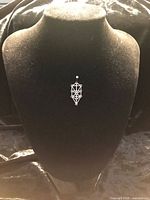 Pendant on display bust front view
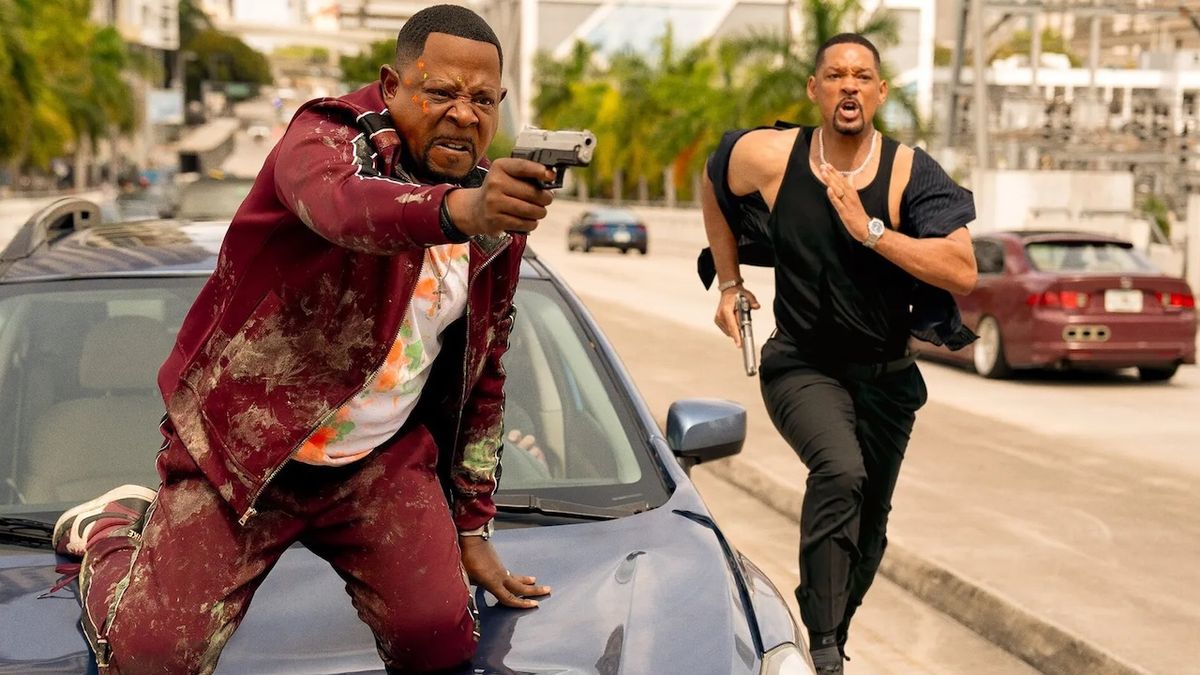 Martin Lawrence with gun on car and Will Smith running in Bad Boys: Ride or Die still 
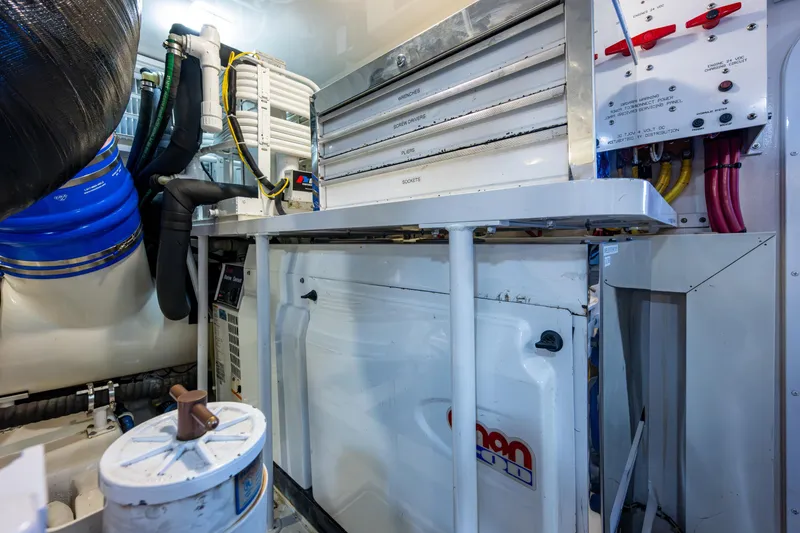 Slide: The Image of Engine room of 2008 Viking 74 Enclosed Bridge yacht, featuring mechanical and electrical systems. - 70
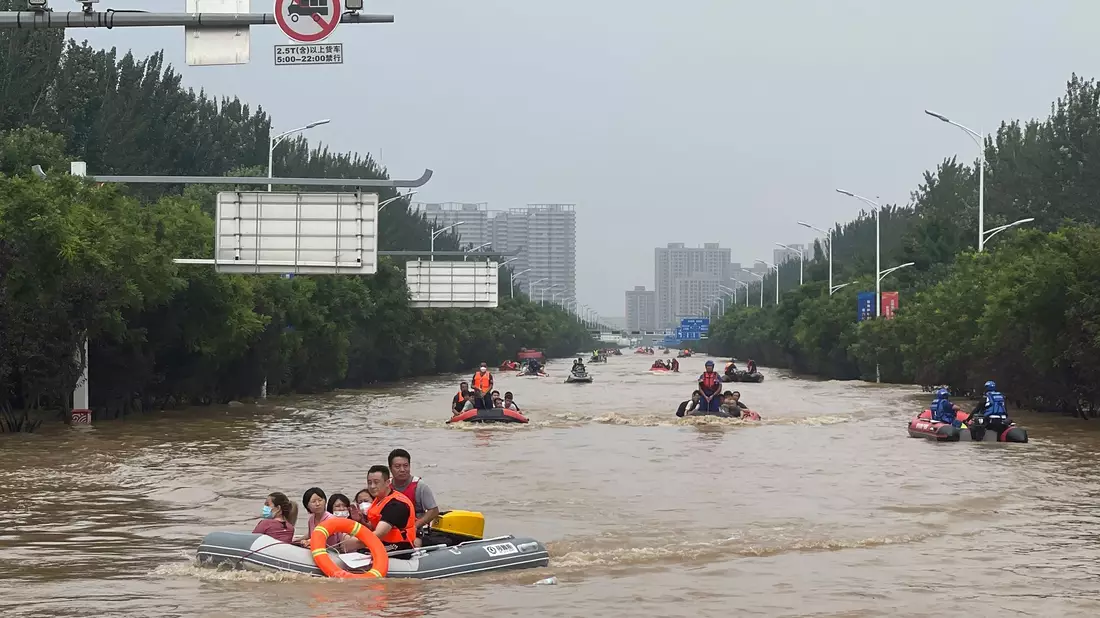 Mit Schlauchbooten werden Zivilisten südlich von Peking evakuiert. - Bild: Andy Wong/AP/dpa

----------------------------------------

--- What is required ---
Here the job is to output the lines from the top of the listing through the line holding "Slide: The Image", word for word and without pictures.

--- Response area ---
 Pendant on display bust front view
 Martin Lawrence with gun on car and Will Smith running in Bad Boys: Ride or Die still 
 Slide: The Image of Engine room of 2008 Viking 74 Enclosed Bridge yacht, featuring mechanical and electrical systems. - 70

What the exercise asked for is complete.